Difference in requesting LC-PBE0 and LC-wPBEh functionals?
Just Got Here
9:31:50 AM PDT - Thu, Aug 29th 2013
In the current documentation, it says that LC-PBE0 (also called CAM-PBE0) is requested by specifying:

xc xcampbe96 1.0 cpbe96 1.0 HFexch 1.0
cam 0.30 cam_alpha 0.25 cam_beta 0.75

which I interpret as alpha=25% short-range HF exchange, varying with an error function (scaling=cam) to alpha+beta=100% HFexch at long range. Conversely, we have 1-alpha =75% campbe96 exchange at short range, being damped to 1-(alpha+beta)=0% at long range range. The "1.0" after xcampbe96 and HFexch, I interpret as "global" scaling factors.

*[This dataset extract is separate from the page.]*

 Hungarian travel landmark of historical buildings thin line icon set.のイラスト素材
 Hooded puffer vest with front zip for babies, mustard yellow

Now, to request LC-wPBEh, one should specfiy:

xc xwpbe 0.80 cpbe96 1.0 hfexch 1.00
cam 0.2 cam_alpha 0.20 cam_beta 0.80

And, here, I do not understand the first line. Why the 0.80 after xwpbe? If I have to take care that alpha and the (global?) scaling factor of xwpbe add up to 1.0, why is this not the case for CAM-PBE0? Does that mean I have 125% exchange in CAM-PBE0? Or does it mean that I have just 0.8*(1-alpha) short-range wpbe in LC-wPBEh? Or do the two short-range GGA exchange philosophies require fundamentally different input specification?

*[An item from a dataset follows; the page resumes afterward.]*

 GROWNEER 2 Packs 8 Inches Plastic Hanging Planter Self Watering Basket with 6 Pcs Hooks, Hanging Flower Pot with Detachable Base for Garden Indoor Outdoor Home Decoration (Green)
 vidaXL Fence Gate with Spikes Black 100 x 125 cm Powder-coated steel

I would be very much obliged if someone could help me out in my limited understanding here.

Forum Regular
3:40:49 PM PDT - Wed, Sep 11th 2013
Hi,

I see your confusion. For the LC-PBE0 (or CAM-PBE0), The xcampbe96 functional is the LC or CAM modified short-range DFT (PBE exchange). We actually scale this by (1-alpha-beta*erf) in the code so that the total amount of exchange in the short and long-range are 1.0

We do the LC-wPBEh functional a bit differently. The scale factor is directly used from the first line.

Best,
-Niri

niri.govind@pnl.gov

Just Got Here
1:53:52 PM PDT - Wed, Apr 1st 2020
Hi,

For Range separated functional wPBEh:

As $r_{12} => 0$, the HF exchange fraction is $\alpha$ i.e., cam_alpha, while the DFT exchange fraction is $(1-\alpha)$ i.e., cam_beta. As $r_{12} => \infinity$, the HF exchange fraction approaches $\alpha$ + $\beta$ i.e., hfexch 1.0 and the DFT exchange fraction approaches $(1- \alpha - \beta)$ i.e., xwpbe=0.8. It is not very clear to me how the scale factor is used.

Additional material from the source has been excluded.